Write out each record exactly as it stands. No pictures belong in the copy.

-----

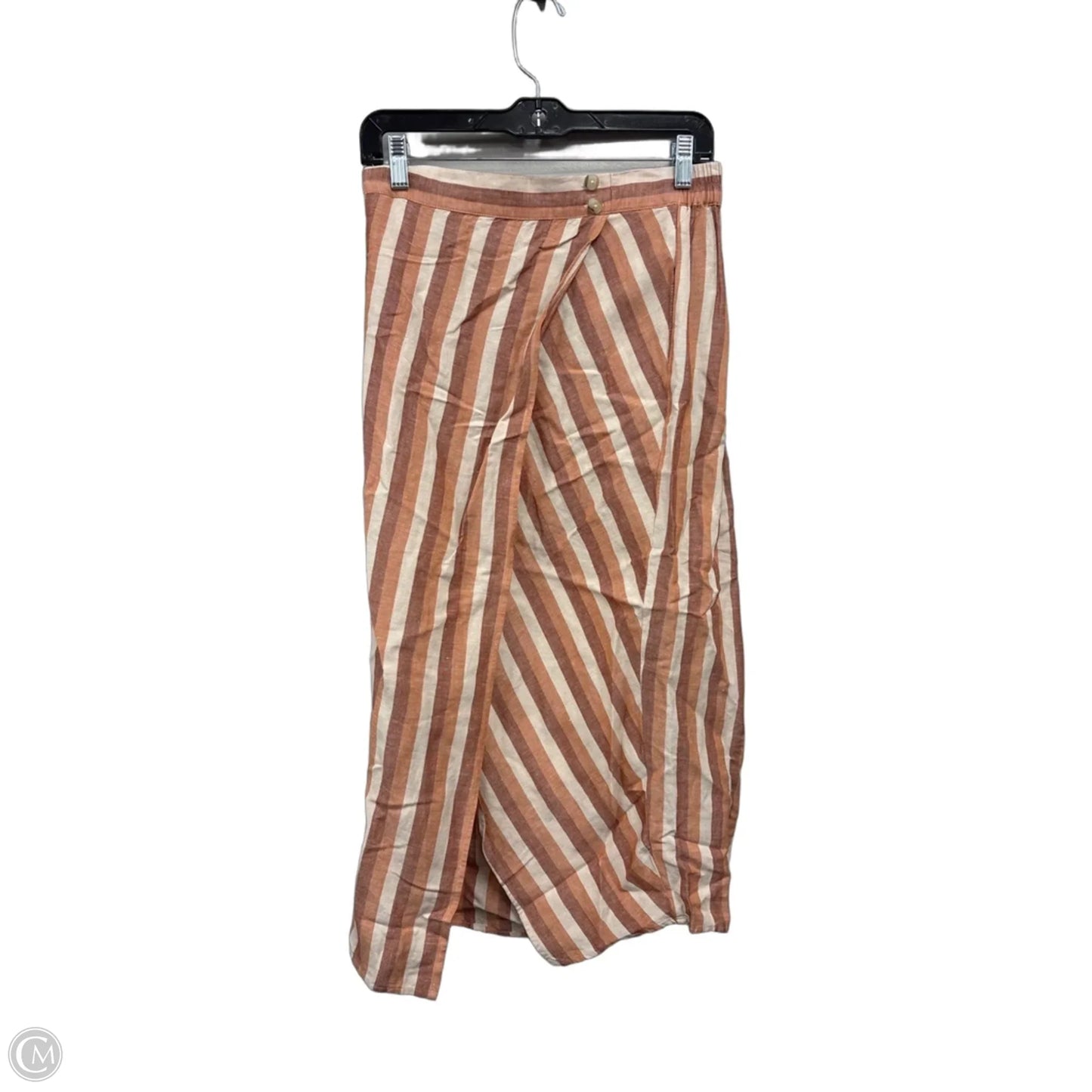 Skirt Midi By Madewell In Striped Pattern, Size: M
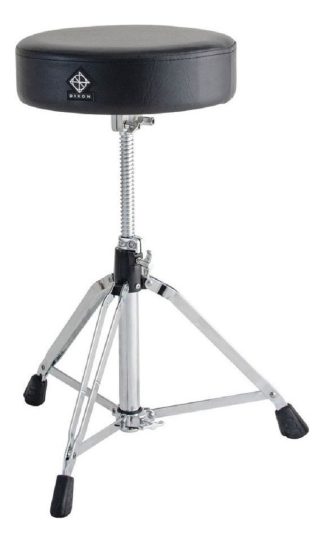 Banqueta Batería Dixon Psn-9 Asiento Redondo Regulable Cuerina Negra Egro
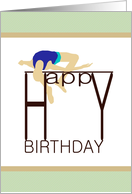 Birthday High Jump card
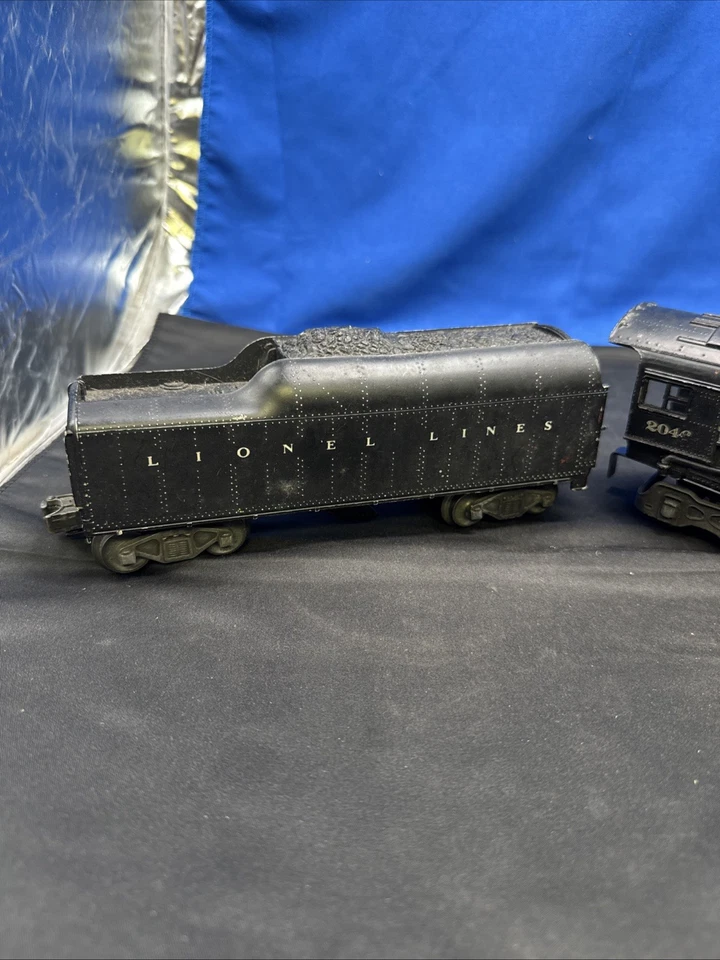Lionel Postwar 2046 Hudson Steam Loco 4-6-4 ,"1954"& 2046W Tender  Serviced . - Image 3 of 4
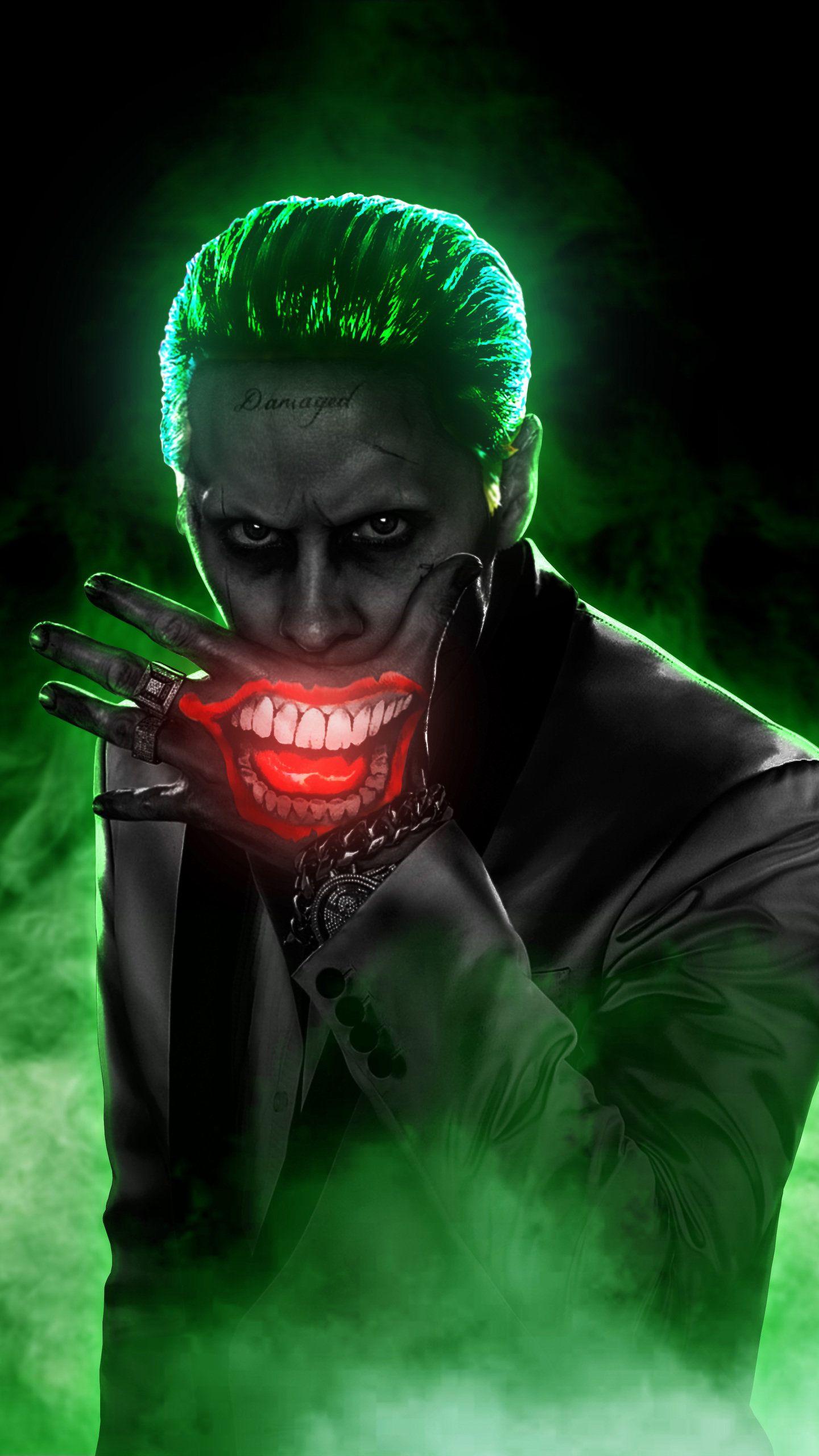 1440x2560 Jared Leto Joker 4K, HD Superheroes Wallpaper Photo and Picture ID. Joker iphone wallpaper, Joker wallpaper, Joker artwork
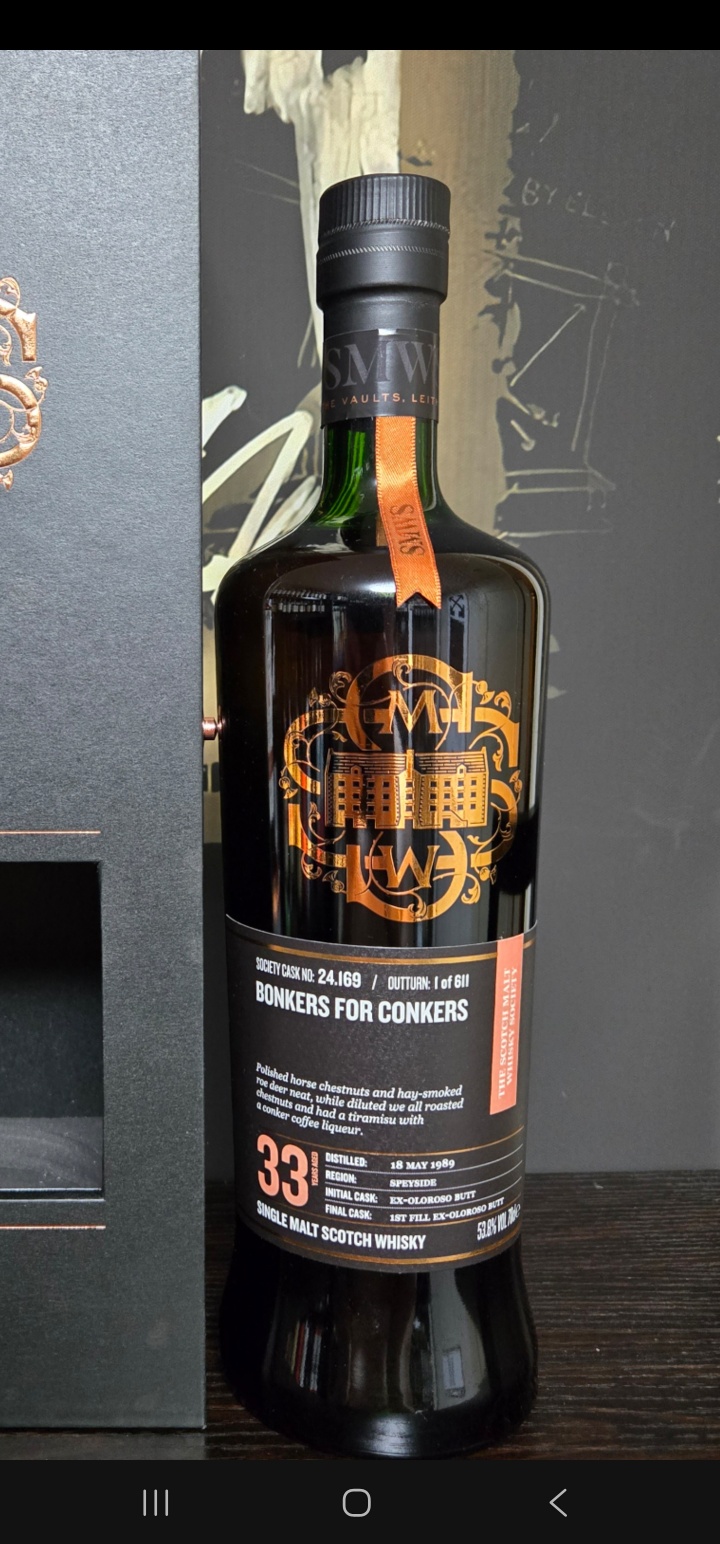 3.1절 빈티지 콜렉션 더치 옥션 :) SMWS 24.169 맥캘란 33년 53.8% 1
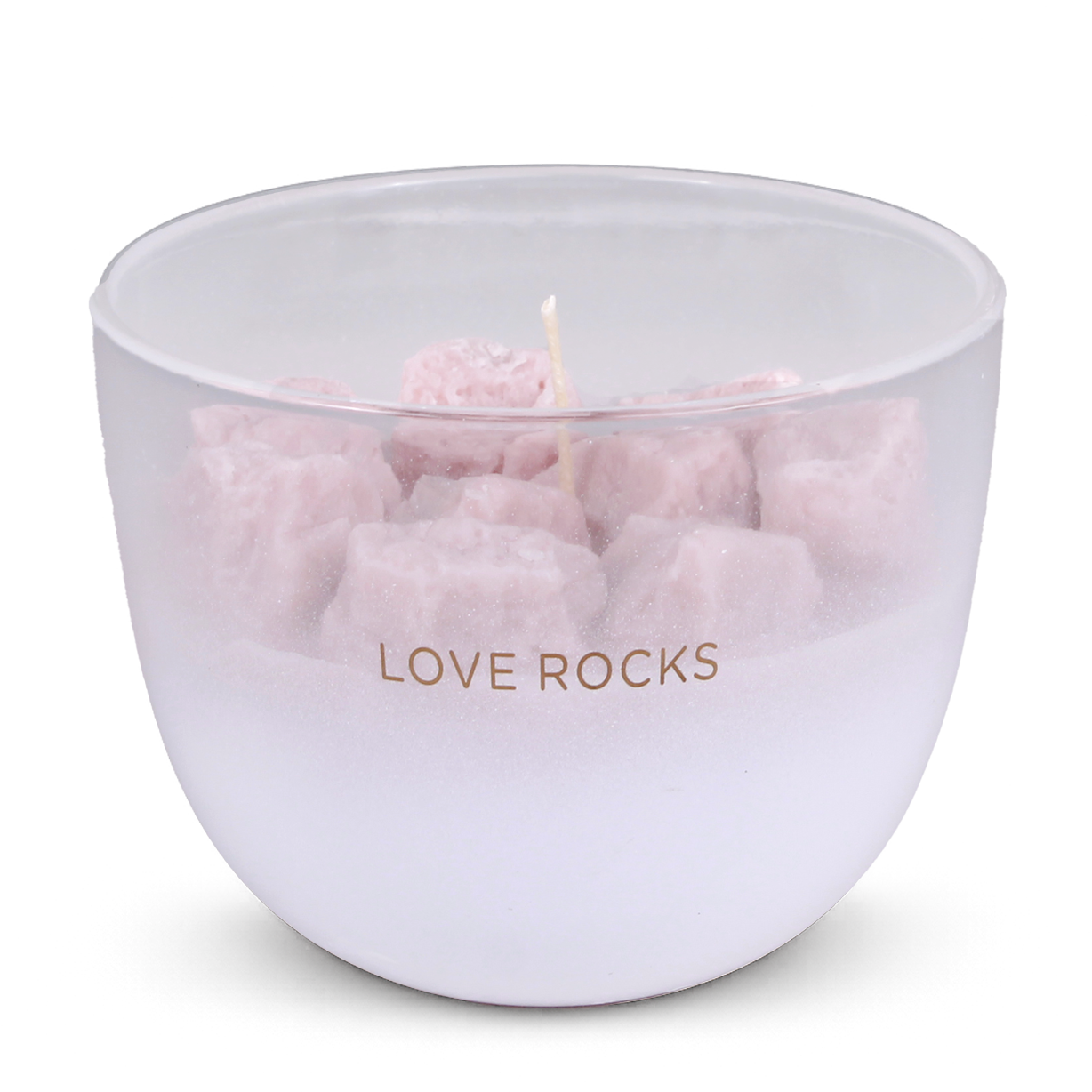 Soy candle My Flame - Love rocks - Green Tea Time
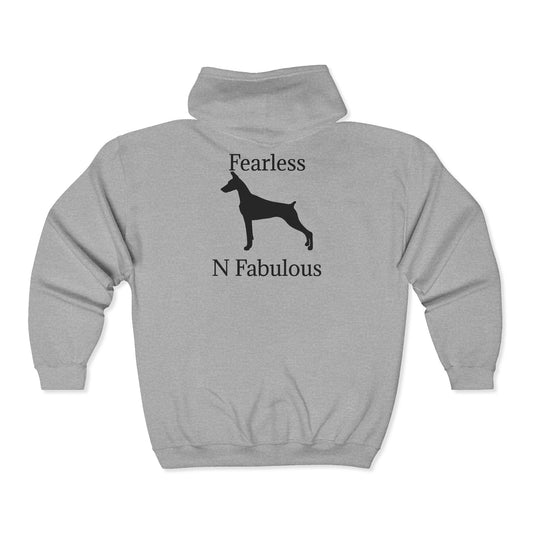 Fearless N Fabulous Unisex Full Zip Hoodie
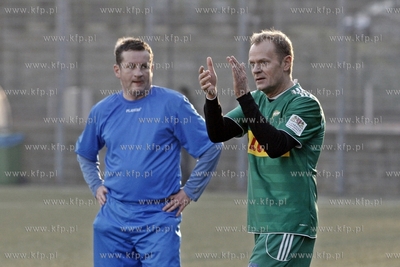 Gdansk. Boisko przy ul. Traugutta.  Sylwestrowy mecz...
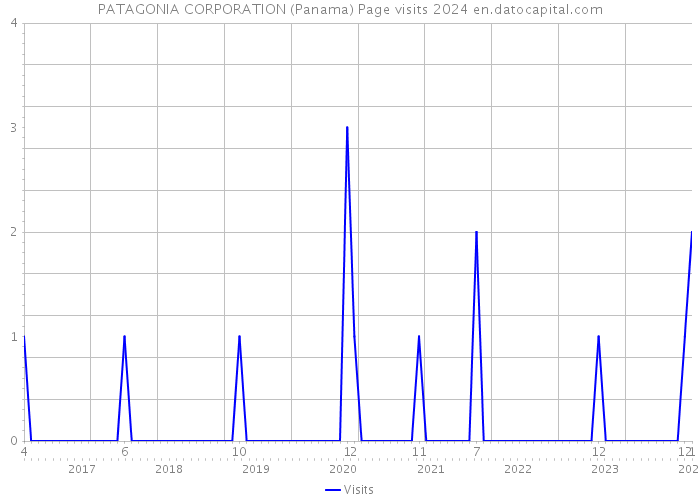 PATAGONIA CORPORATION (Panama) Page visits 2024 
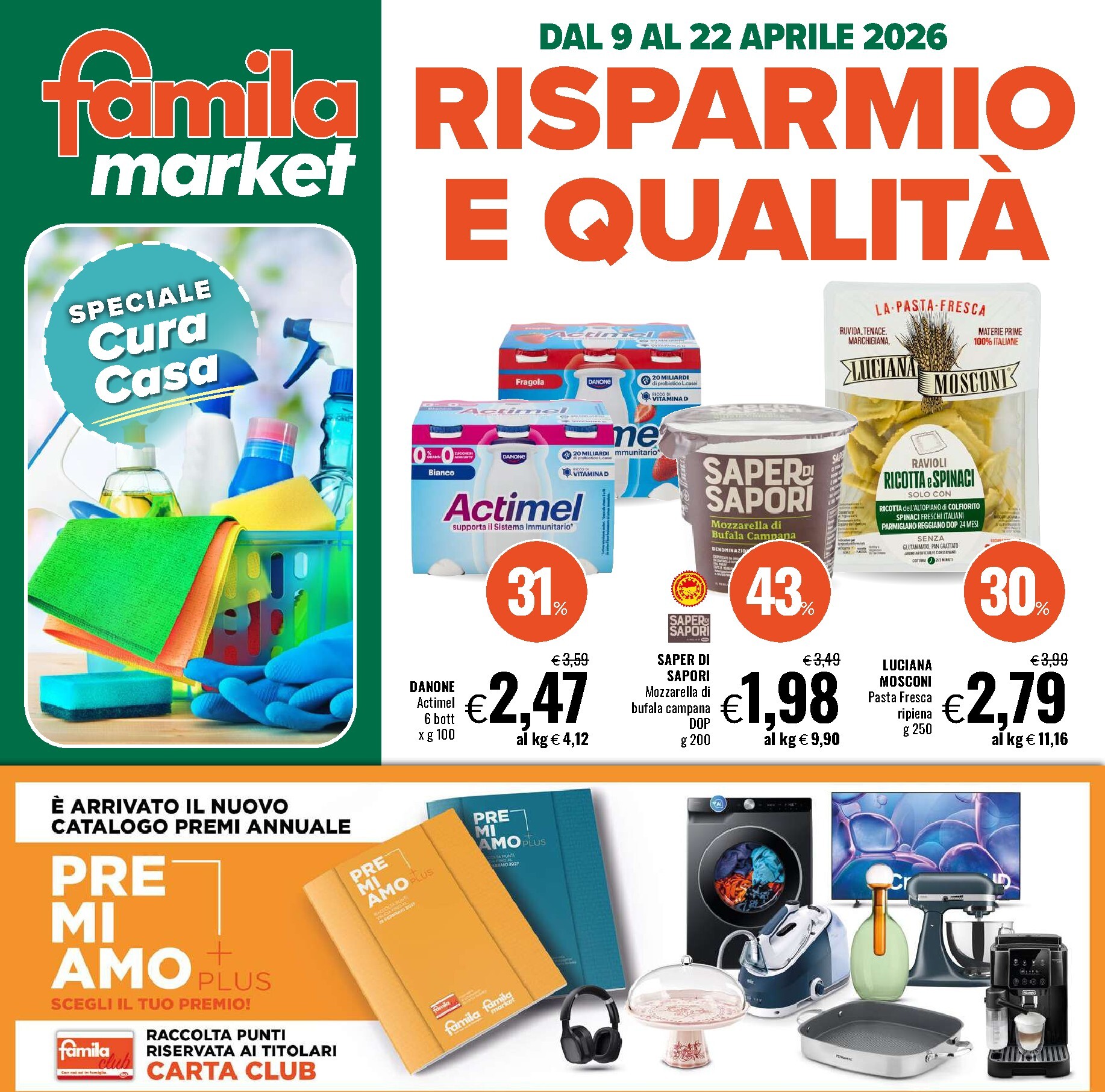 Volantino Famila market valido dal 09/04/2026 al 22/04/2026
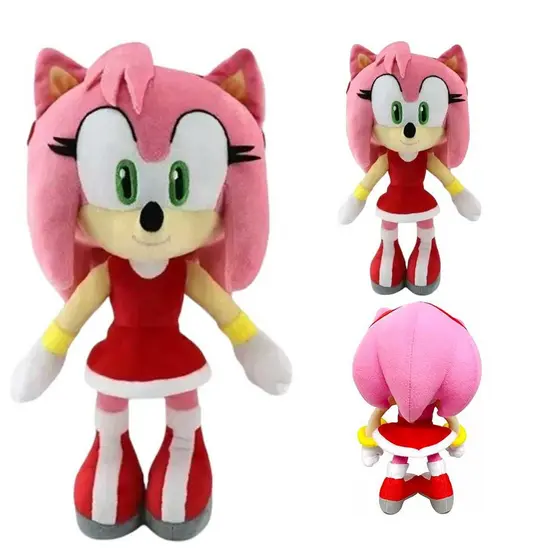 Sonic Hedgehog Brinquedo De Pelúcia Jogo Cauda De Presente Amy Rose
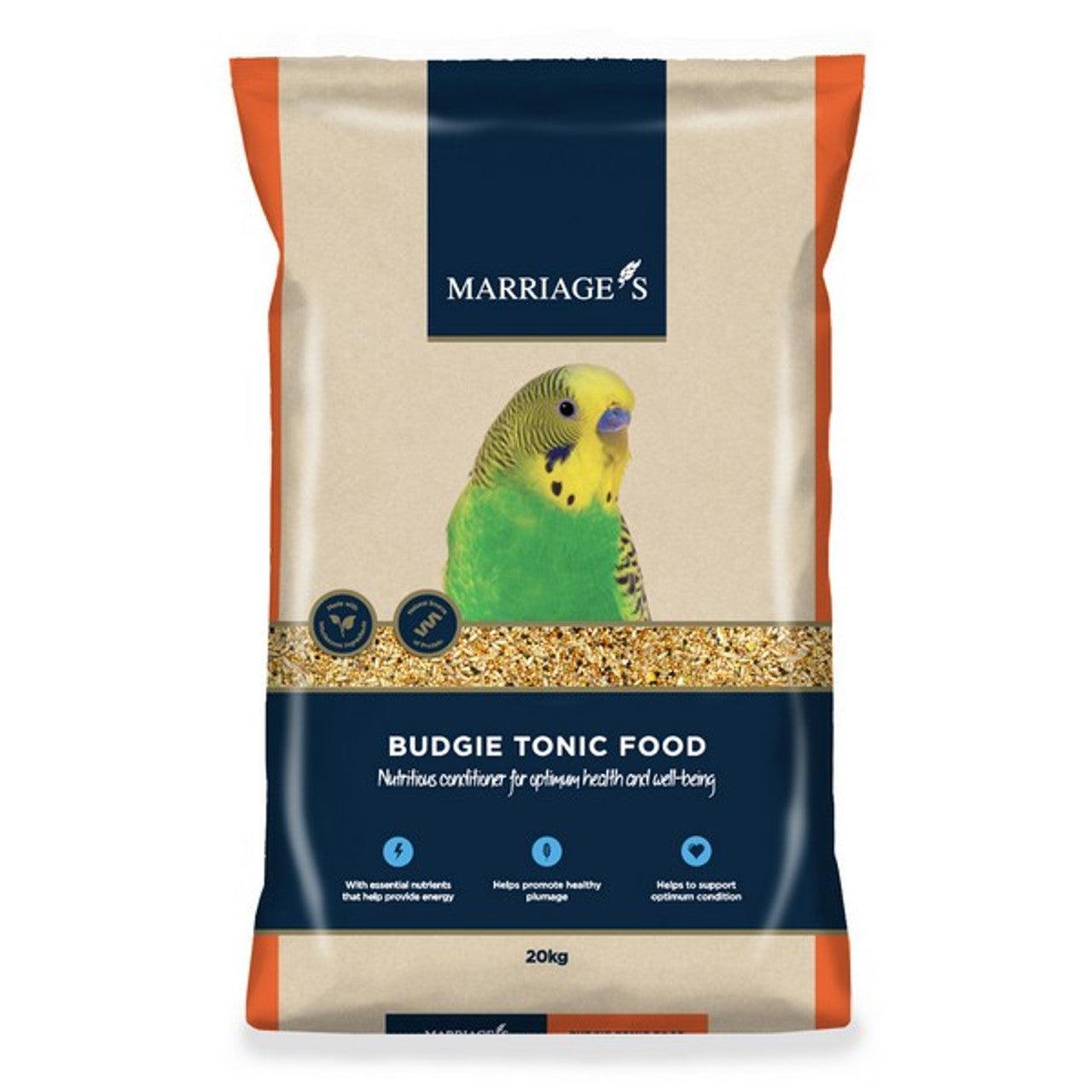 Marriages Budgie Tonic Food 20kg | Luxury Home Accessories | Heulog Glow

-----

Response below:
 Skirt Midi By Madewell In Striped Pattern, Size: M
 Banqueta Batería Dixon Psn-9 Asiento Redondo Regulable Cuerina Negra Egro
 Birthday High Jump card
Lionel Postwar 2046 Hudson Steam Loco 4-6-4 ,"1954"& 2046W Tender  Serviced . - Image 3 of 4
 1440x2560 Jared Leto Joker 4K, HD Superheroes Wallpaper Photo and Picture ID. Joker iphone wallpaper, Joker wallpaper, Joker artwork
 3.1절 빈티지 콜렉션 더치 옥션 :) SMWS 24.169 맥캘란 33년 53.8% 1
 Soy candle My Flame - Love rocks - Green Tea Time
 Fearless N Fabulous Unisex Full Zip Hoodie
 Gdansk. Boisko przy ul. Traugutta.  Sylwestrowy mecz...
 PATAGONIA CORPORATION (Panama) Page visits 2024 
 Volantino Famila market valido dal 09/04/2026 al 22/04/2026
 Sonic Hedgehog Brinquedo De Pelúcia Jogo Cauda De Presente Amy Rose
 Marriages Budgie Tonic Food 20kg | Luxury Home Accessories | Heulog Glow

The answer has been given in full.